The time‐to‐event analysis for 30‐day mortality and PPC, shown in Figure 2 using Kaplan–Meier survival curves, revealed no statistically significant difference between the HFNC and control groups (log‐rank p = 0.62). Stepwise backward Poisson regression analysis identified four variables that were significantly associated with the number of PPC: COPD, preoperative peripheral oxygen saturation ≤ 94%, surgery duration exceeding 2 h, and selective left lung ventilation. All variables retained statistical significance in the final models (Table 5). Multivariate analysis also revealed that the use of HFNC during anesthesia induction and extubation was independently associated with a 63% reduction in the RR of PPC (RR = 0.37; 95% CI: 0.18–0.74; p = 0.006), suggesting a potential protective effect when applied perioperatively. Notably, these analyses are descriptive given the low event rate.
Kaplan–Meier curves for (A) 30‐day in‐hospital mortality and (B) postoperative pulmonary complication (PPC)–free survival in patients undergoing elective thoracic surgery, comparing high‐flow nasal cannula (HFNC) and conventional oxygen therapy (COT) groups. Log‐rank test p values are shown for each comparison. Numbers at risk at each time point are provided below the graphs.
Discussion
4
In this randomized controlled trial, we investigated the efficacy of HFNC oxygen therapy compared to conventional oxygen therapy in reducing PPC in 90 patients undergoing elective thoracic surgery. The primary outcome revealed no significant difference in PPC incidence within 30 days, with 20.0% of HFNC patients and 26.7% of control patients affected. Secondary outcomes, including hypoxemia during intubation, 30‐day mortality, and ICU admission, also showed no significant differences. These findings suggest that short‐term perioperative HFNC does not significantly reduce PPC or improve secondary outcomes compared to conventional oxygen therapy in this patient population. Interestingly, Poisson regression identified COPD, preoperative oxygen saturation ≤ 94%, surgery duration > 2 h, and selective left lung ventilation as independent predictors of PPC in this population.

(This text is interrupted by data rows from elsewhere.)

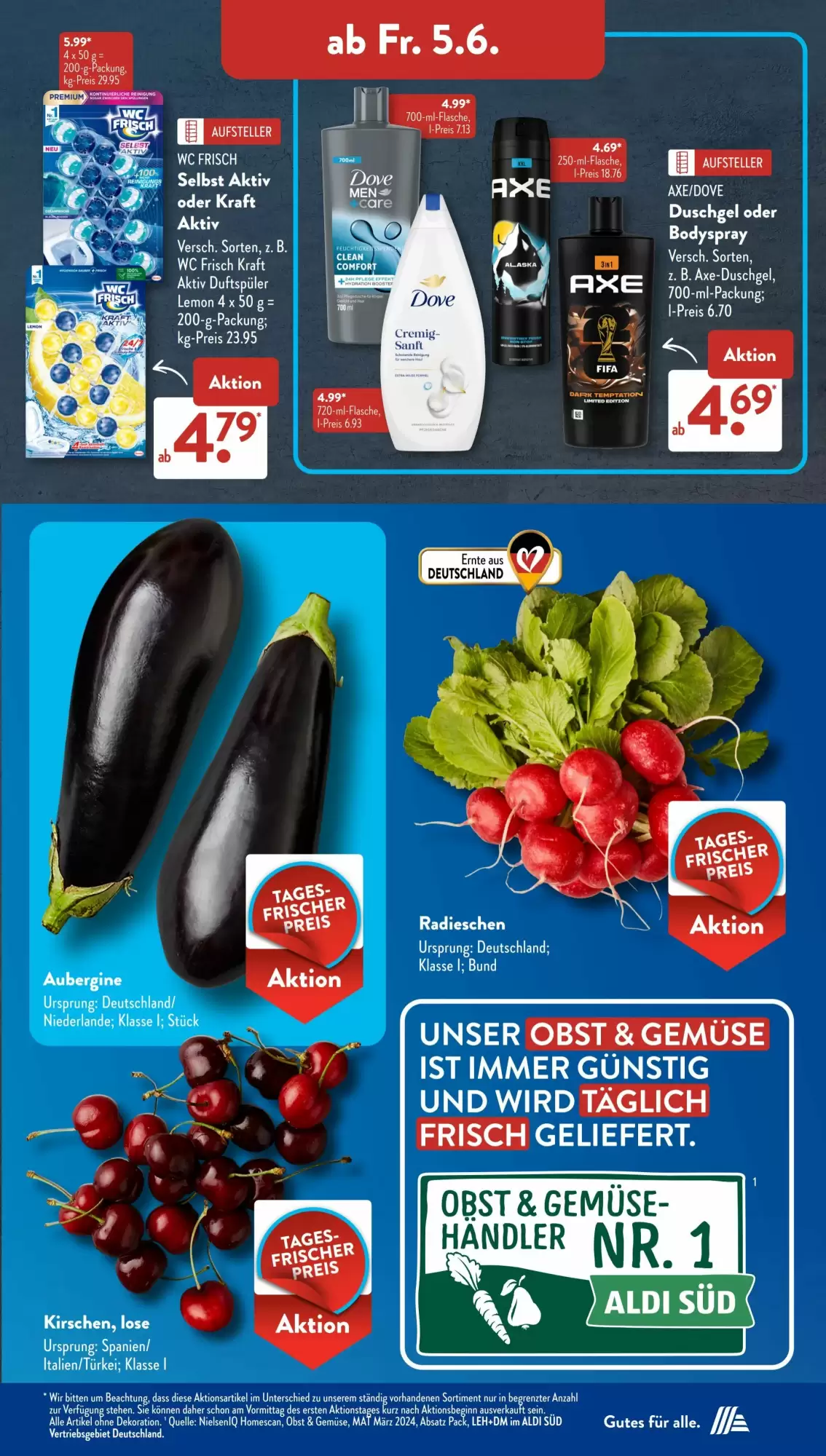 Aldi Süd Prospekt Ab 29.06.2026 Bis 04.07.2026 - Bild 3 Ab 01.06.2026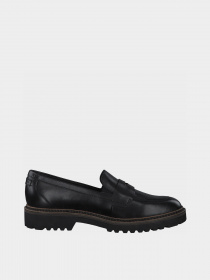 Туфли и лоферы Tamaris модель 24703-27-003 BLACK LEATHER Фото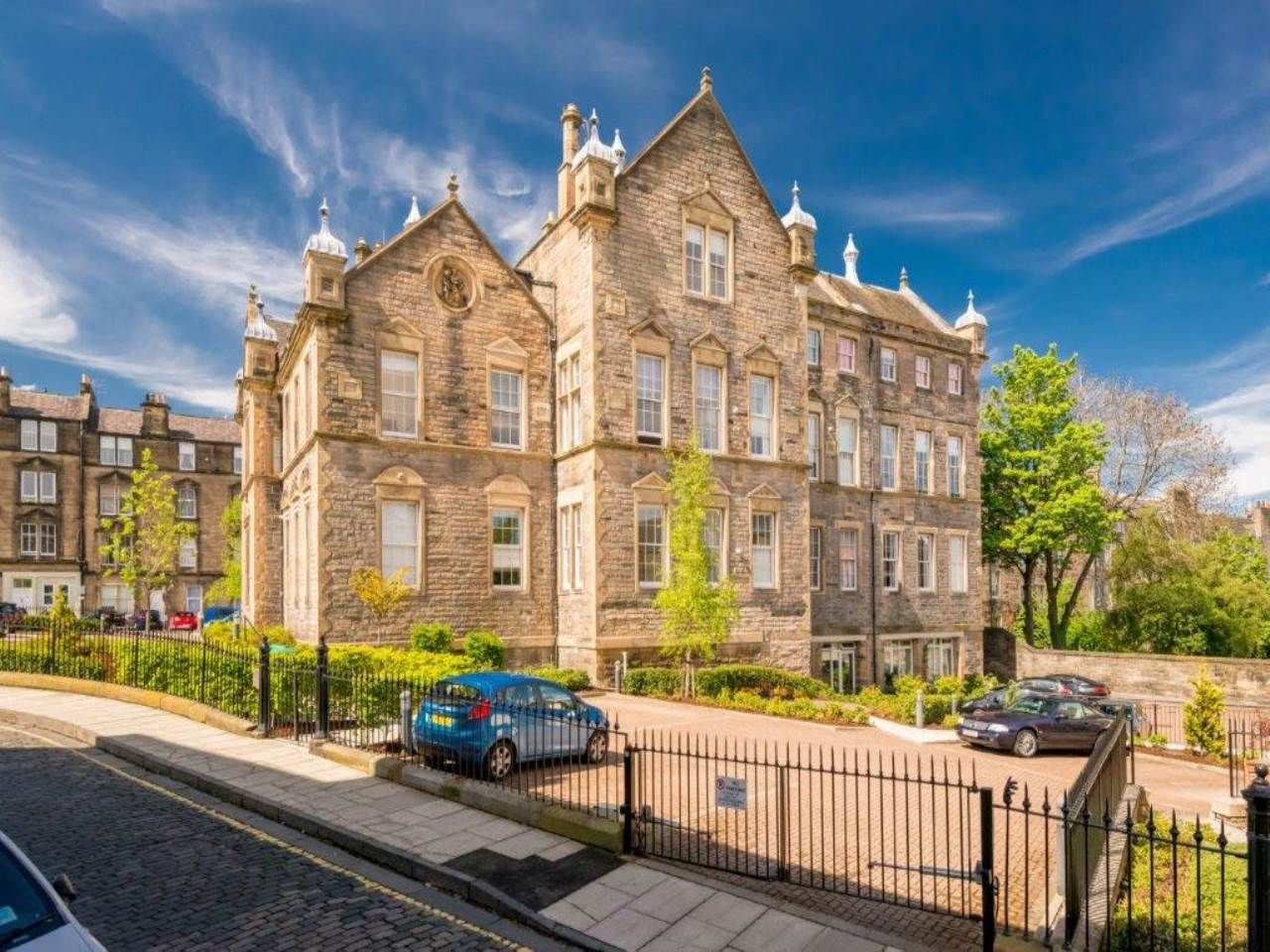 3 bed flat to rent in Dean Park Street, Stockbridge, Edinburgh EH4 Zoopla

Although most of the current evidence on HFNC comes from intensive care settings, its application in the perioperative environment shows promise [15, 17]. HFNC oxygen therapy has emerged as a promising alternative to conventional oxygen therapy and NIV for perioperative respiratory management [17, 18, 19, 20]. This modality delivers heated, humidified oxygen at flow rates exceeding 60 L/min through specialized nasal cannulas, offering significant physiological benefits, including enhanced oxygenation, alveolar recruitment, and improved mucociliary clearance [17, 21, 22, 23]. Compared to NIV, HFNC provides greater patient tolerability and requires less intensive monitoring, making it a valuable tool in clinical settings [24, 25, 26]. However, the actual clinical benefits at the surgical setting, optimal timing of use, patient selection, and specific surgical populations for HFNC use still need to be clearly defined.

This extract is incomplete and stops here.